Lattice-based cryptographic constructions hold a great promise for public-key post-quantum cryptography.^[38] Indeed, the main alternative forms of public-key cryptography are schemes based on the hardness of factoring and related problems and schemes based on the hardness of the discrete logarithm and related problems. However, both factoring and the discrete logarithm problem are known to be solvable in polynomial time on a quantum computer.^[39] Furthermore, algorithms for factorization tend to yield algorithms for discrete logarithm, and conversely. This further motivates the study of constructions based on alternative assumptions, such as the hardness of lattice problems.

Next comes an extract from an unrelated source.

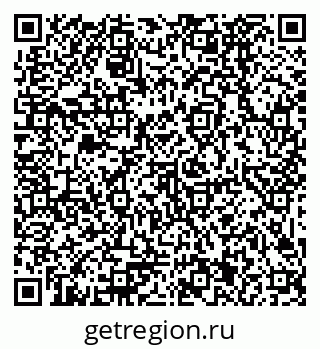 79379021224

Many lattice-based cryptographic schemes are known to be secure assuming the worst-case hardness of certain lattice problems.^[3][6][7] I.e., if there exists an algorithm that can efficiently break the cryptographic scheme with non-negligible probability, then there exists an efficient algorithm that solves a certain lattice problem on any input. However, for the practical lattice-based constructions (such as schemes based on NTRU and even schemes based on LWE with efficient parameters), meaningful reduction-based guarantees of security are not known.

Assessments of the security levels provided by reduction arguments from hard problems - based on recommended parameter sizes, standard estimates of the computational complexity of the hard problems, and detailed examination of the steps in the reductions - are called concrete security and sometimes practice-oriented provable security.^[40] Authors who have investigated concrete security for lattice-based cryptosystems have found that the provable security results for such systems do not provide any meaningful concrete security for practical values of the parameters.^[41][42]

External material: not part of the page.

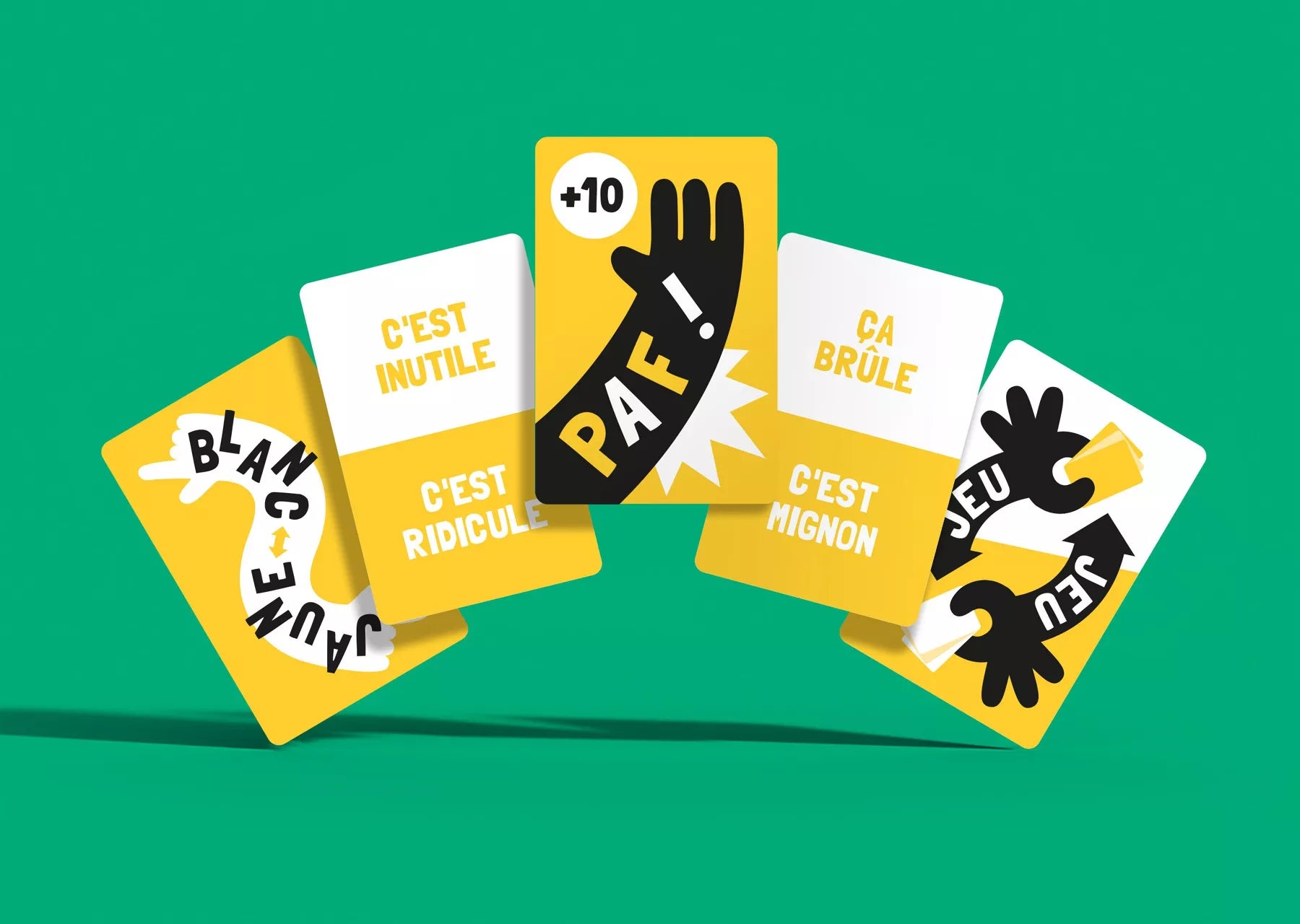 BATAILLE - Pour muscler sa cervelle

For many cryptographic primitives, the only known constructions are based on lattices or closely related objects. These primitives include fully homomorphic encryption,^[13] indistinguishability obfuscation,^[43] cryptographic multilinear maps, and functional encryption.^[43]

• Lattice problems
• Learning with errors
• Homomorphic encryption
• Post-quantum cryptography
• Ring learning with errors
• Ring learning with Errors Key Exchange

• Oded Goldreich, Shafi Goldwasser, and Shai Halevi. "Public-key cryptosystems from lattice reduction problems". In Crypto ’97: Proceedings of the 17th Annual International Cryptology Conference on Advances in Cryptology, pages 112–131, London, UK, 1997. Springer-Verlag.
• Oded Regev. Lattice-based cryptography. In Advances in cryptology (CRYPTO), pages 131–141, 2006.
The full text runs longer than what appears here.